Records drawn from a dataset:
::::

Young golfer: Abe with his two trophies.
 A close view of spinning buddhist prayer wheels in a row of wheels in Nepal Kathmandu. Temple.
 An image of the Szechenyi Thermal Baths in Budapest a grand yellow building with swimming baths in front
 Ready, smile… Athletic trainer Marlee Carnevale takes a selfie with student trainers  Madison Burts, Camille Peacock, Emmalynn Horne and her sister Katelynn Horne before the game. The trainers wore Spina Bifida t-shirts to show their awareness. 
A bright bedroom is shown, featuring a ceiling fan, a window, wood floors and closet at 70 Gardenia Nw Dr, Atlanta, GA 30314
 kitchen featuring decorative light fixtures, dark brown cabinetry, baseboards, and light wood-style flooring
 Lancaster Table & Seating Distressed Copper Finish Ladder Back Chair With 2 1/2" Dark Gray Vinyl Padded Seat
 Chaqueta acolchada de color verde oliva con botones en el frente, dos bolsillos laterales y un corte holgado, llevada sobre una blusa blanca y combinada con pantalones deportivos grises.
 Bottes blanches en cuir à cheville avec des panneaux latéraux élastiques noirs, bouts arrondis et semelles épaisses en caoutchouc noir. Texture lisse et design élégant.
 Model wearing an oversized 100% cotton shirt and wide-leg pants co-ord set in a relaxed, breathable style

::::

Brief:
Out of the records above, pull each line containing the word "style".

Result of this task:
 kitchen featuring decorative light fixtures, dark brown cabinetry, baseboards, and light wood-style flooring
 Model wearing an oversized 100% cotton shirt and wide-leg pants co-ord set in a relaxed, breathable style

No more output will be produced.